* [What you will do]
Write out again, exactly, the lines below starting at the one with "Panel krosowniczy z" and ending at the one with "阿曼济姆托蒂Beach Retreat Guesthouse的一间卧室配有一张带蓝色和白色枕头的床".

* [Exercise materials]
Content starts

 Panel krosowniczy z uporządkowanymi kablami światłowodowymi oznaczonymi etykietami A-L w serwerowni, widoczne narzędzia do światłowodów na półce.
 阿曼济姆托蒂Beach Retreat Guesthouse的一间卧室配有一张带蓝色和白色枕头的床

Content ends
Content starts

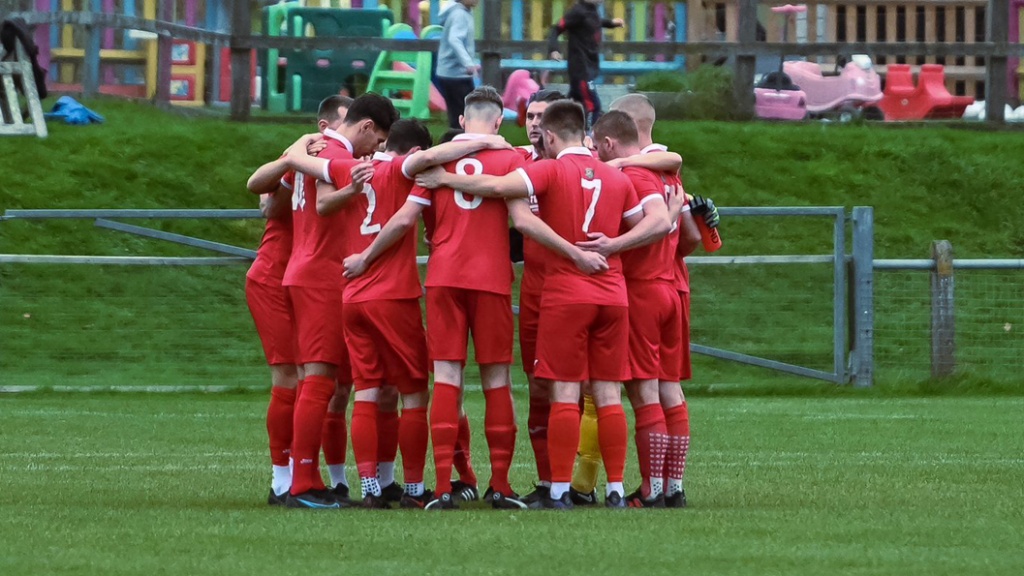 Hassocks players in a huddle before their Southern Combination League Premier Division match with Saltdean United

Content ends

* [Result for this task]
 Panel krosowniczy z uporządkowanymi kablami światłowodowymi oznaczonymi etykietami A-L w serwerowni, widoczne narzędzia do światłowodów na półce.
 阿曼济姆托蒂Beach Retreat Guesthouse的一间卧室配有一张带蓝色和白色枕头的床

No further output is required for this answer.